### Problem statement
Starting with the line that has "A Beginner's Guide" in the records below and stopping after the line that has "Le buveur d'encre: Le", output every line exactly and nothing else; skip pictures.

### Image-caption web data
⟨

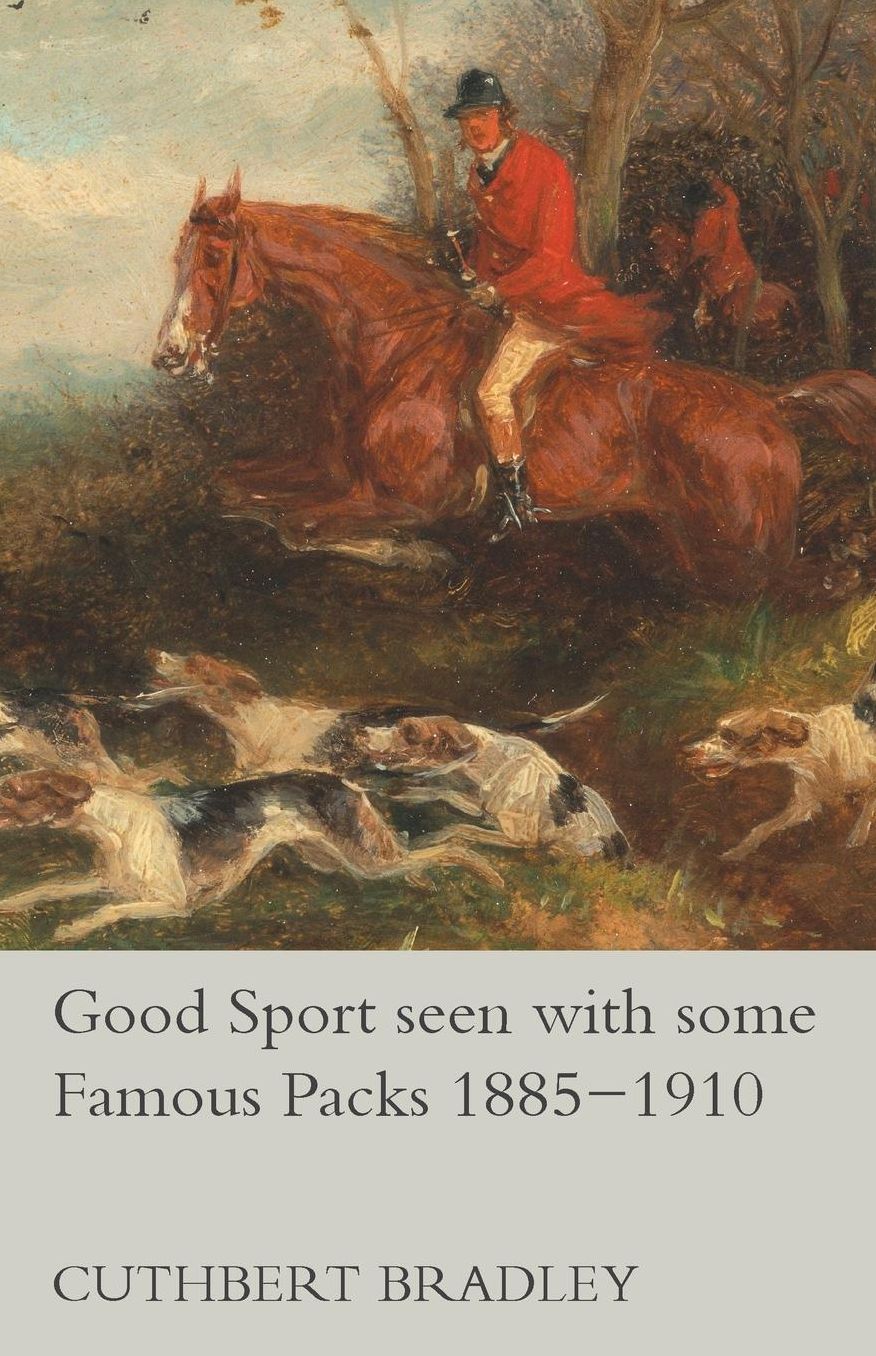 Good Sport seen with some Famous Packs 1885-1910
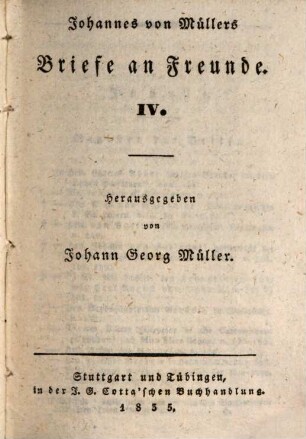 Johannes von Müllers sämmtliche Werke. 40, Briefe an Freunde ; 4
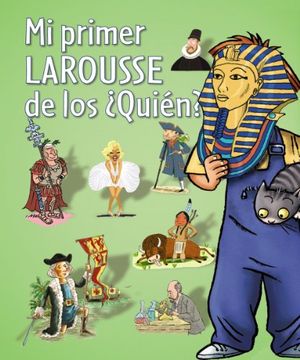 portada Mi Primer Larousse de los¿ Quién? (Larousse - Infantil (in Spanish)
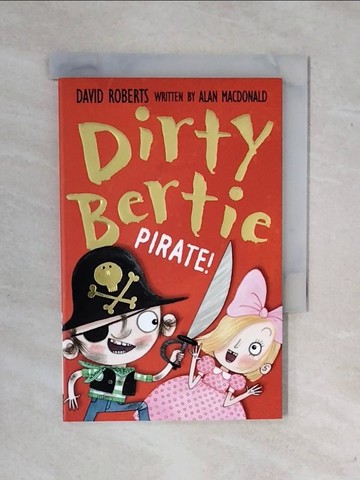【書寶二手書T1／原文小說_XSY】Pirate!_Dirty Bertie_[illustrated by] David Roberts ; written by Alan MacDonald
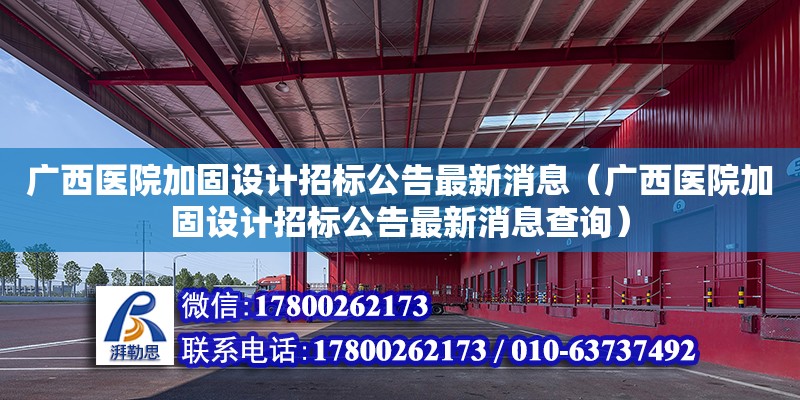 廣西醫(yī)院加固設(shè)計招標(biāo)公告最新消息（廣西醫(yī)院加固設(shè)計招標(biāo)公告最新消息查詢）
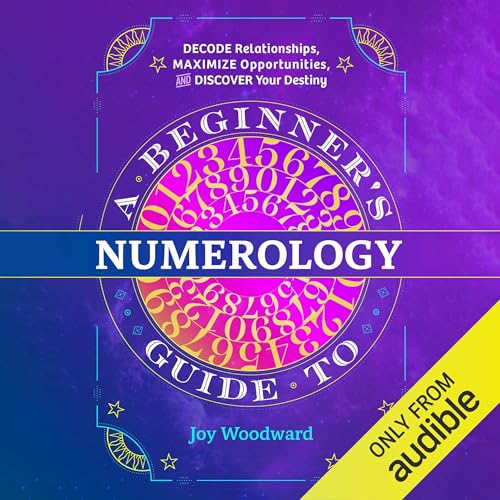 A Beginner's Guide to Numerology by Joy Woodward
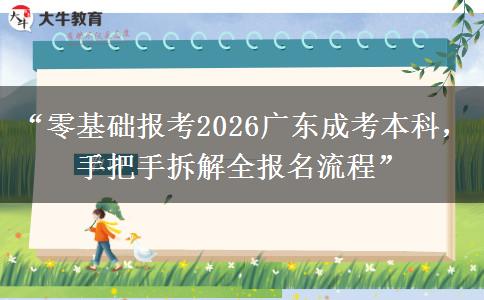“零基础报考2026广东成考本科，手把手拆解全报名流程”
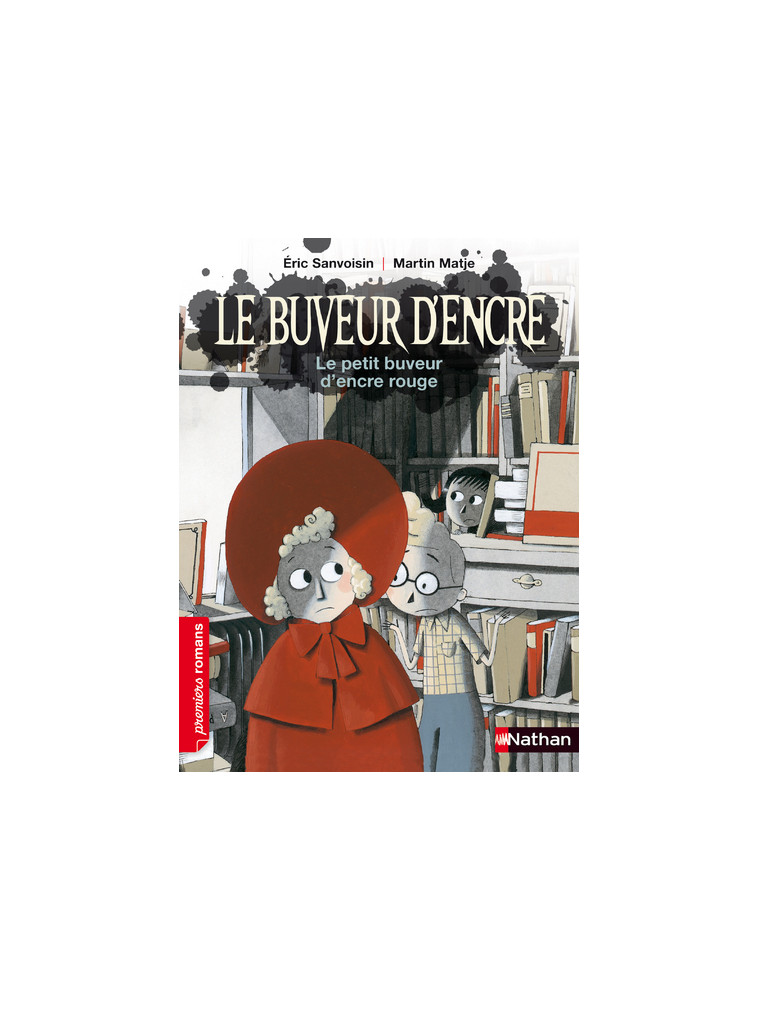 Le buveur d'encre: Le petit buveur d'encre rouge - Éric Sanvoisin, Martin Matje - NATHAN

⟩
⟨

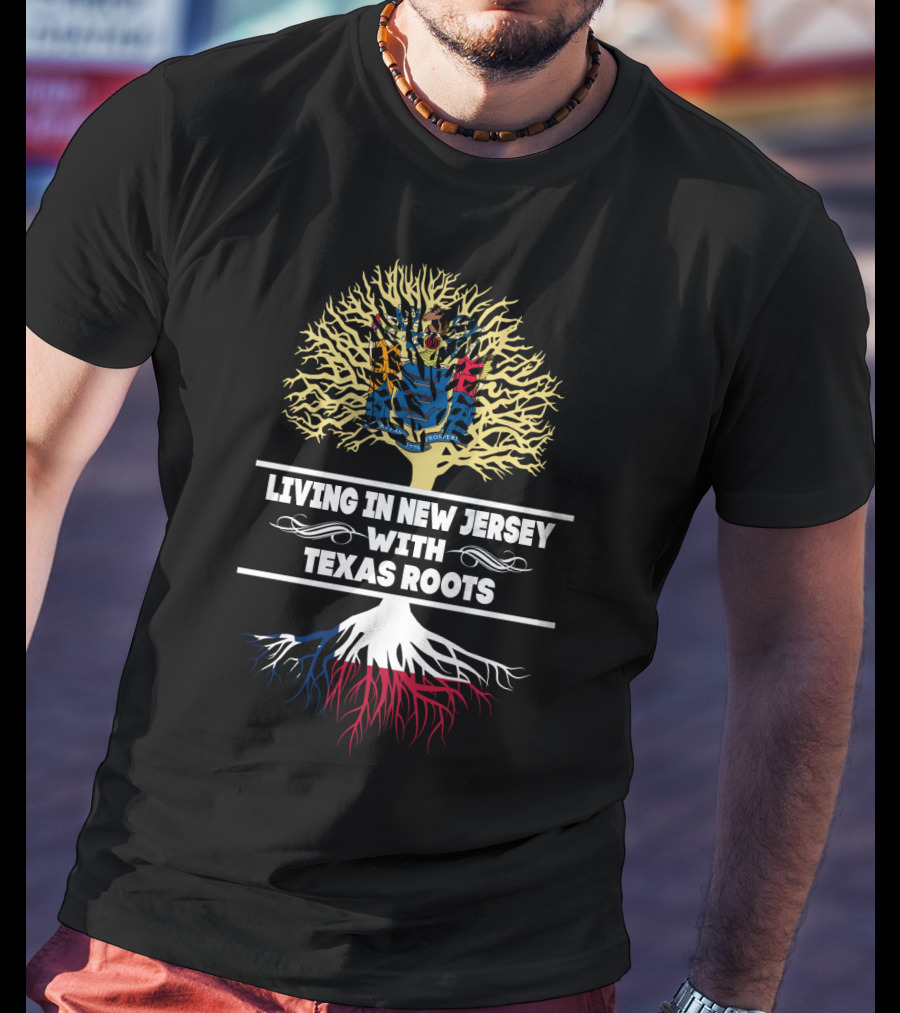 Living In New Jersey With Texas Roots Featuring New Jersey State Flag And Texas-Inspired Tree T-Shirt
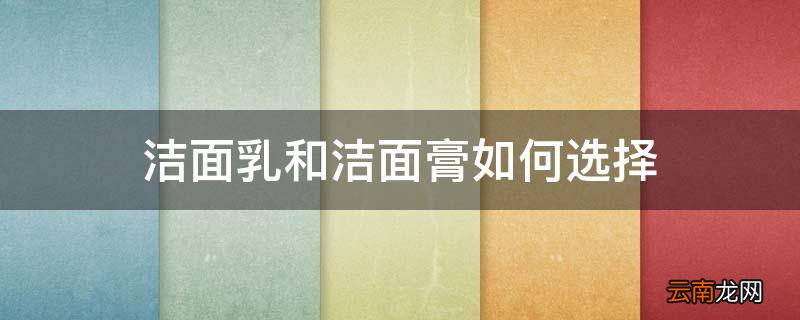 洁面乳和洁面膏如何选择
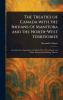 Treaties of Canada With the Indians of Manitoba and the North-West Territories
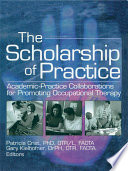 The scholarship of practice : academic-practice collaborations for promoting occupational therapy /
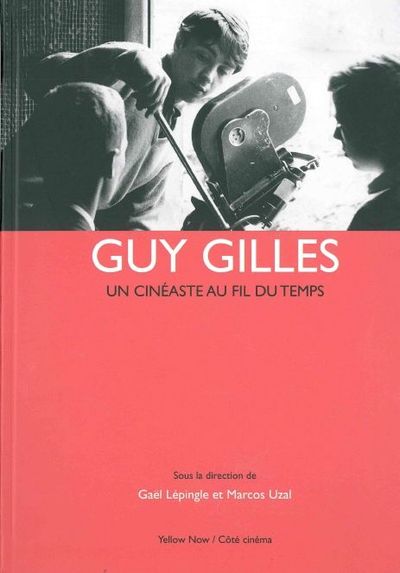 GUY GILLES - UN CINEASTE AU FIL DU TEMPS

⟩

### Exercise response
 A Beginner's Guide to Numerology by Joy Woodward
“零基础报考2026广东成考本科，手把手拆解全报名流程”
 Le buveur d'encre: Le petit buveur d'encre rouge - Éric Sanvoisin, Martin Matje - NATHAN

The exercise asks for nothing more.